The hour-long Guys Gone Wild productions featured women camera operators who encouraged men to get naked and perform strip teases.

==Lawsuits and criminal charges==

In 2002, the company settled with a Florida State University student named Becky Lynn Gritzke. The young woman had flashed her breasts at Mardi Gras the year before and the company used video and an image of her for promotional material. Gritzke argued that her privacy had been violated but the company countered that removing one's clothing in public meant forfeiting one's right to privacy.

In 2003, the U.S. Department of Justice filed a complaint against Girls Gone Wild alleging that the company failed to notify customers when they purchased subscriptions under a continuity program, rather than single DVDs. In 2004, GGW settled for $1.1 million and agreed to disclose all terms and get consent for recurring charges.

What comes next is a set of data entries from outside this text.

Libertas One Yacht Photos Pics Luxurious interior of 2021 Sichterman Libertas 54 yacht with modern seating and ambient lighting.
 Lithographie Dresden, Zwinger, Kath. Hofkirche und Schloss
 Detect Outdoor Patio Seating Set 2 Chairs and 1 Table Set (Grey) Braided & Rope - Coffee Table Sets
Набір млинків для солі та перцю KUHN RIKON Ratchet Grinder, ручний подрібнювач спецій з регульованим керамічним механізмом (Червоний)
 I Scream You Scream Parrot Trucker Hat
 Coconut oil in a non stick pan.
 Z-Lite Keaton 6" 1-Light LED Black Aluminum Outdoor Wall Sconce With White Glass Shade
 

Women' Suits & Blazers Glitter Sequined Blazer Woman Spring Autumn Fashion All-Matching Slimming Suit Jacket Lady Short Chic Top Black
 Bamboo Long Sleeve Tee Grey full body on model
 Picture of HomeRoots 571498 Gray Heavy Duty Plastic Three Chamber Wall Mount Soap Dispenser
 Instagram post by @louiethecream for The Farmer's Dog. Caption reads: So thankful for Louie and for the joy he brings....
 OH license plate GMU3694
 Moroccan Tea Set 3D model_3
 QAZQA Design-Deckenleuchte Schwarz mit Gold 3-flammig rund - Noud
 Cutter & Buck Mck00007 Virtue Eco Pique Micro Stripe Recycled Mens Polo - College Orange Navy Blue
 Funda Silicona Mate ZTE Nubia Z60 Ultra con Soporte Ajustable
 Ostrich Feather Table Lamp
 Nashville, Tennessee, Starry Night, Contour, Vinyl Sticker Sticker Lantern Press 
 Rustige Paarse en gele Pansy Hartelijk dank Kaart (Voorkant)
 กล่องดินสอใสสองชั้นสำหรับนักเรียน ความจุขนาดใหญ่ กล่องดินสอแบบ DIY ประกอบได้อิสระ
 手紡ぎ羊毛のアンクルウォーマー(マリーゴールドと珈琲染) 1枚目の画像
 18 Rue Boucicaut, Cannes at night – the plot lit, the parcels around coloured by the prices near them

In 2006, Girls Gone Wild marketer MRA Holdings pleaded guilty to charges for failing to record the ages of its subjects in 2002 and 2003. The parties agreed to pay $2.1 million in restitution and fines.

In 2008, Ashley Dupré filed against Joe Francis and other defendants claiming that they filmed her without consent. She later dropped the suit, commenting through her attorney that she wanted to focus on positive opportunities in her life.

In 2008, a Missouri woman claimed that she was filmed without consent when a Girls Gone Wild contractor removed her halter top at a St. Louis bar. A jury found that she consented. On re-trial, a judge awarded the woman $5.77 million after the defense failed to show at court. On appeal, the judge upheld the verdict.

In March 2008, four women claimed that they suffered emotional distress by being shown in Girls Gone Wild film. In April 2011, a jury declined to award damages to the plaintiffs. However, in January 2015, Francis agreed to settle a separate 2003 lawsuit that involved allegations of him taping the exposed breasts of underage girls as part of Girls Gone Wild content. The 2015 civil settlement also involved Francis agreeing to serve 336 days in jail after accepting a no contest plea to criminal charges of child abuse and prostitution.

===Bankruptcy===
In 2013, GGW Brands LLC filed for Chapter 11 bankruptcy protection.

===Accounts from alleged sex victims and Francis' departure from the United States===
An episode of the TNT true crime anthology series Rich & Shameless called Girls Gone Wild Exposed aired on TNT on April 23, 2022, and featured accounts from alleged victims of Joe Francis, as well as a recorded verbal altercation between Francis and his wife, who was revealed to now be estranged from him. On December 3, 2024, the three episode documentary series Girls Gone Wild: The Untold Story, which included details about the sex abuse allegations against Francis and Girls Gone Wild through the perspective of an investigation by Scaachi Koul, became available to stream on Peacock. Francis, who was among those interviewed for the documentary, was revealed to have been living outside of the United States in Mexico since 2015, where he was interviewed by Koul in 2022. In Girls Gone Wild: The Untold Story, multiple people, including a former Girls Gone Wild cameraman, alleged that Francis engaged in sex with minors, and that some of his sexual encounters, no matter the age, were nonconsensual.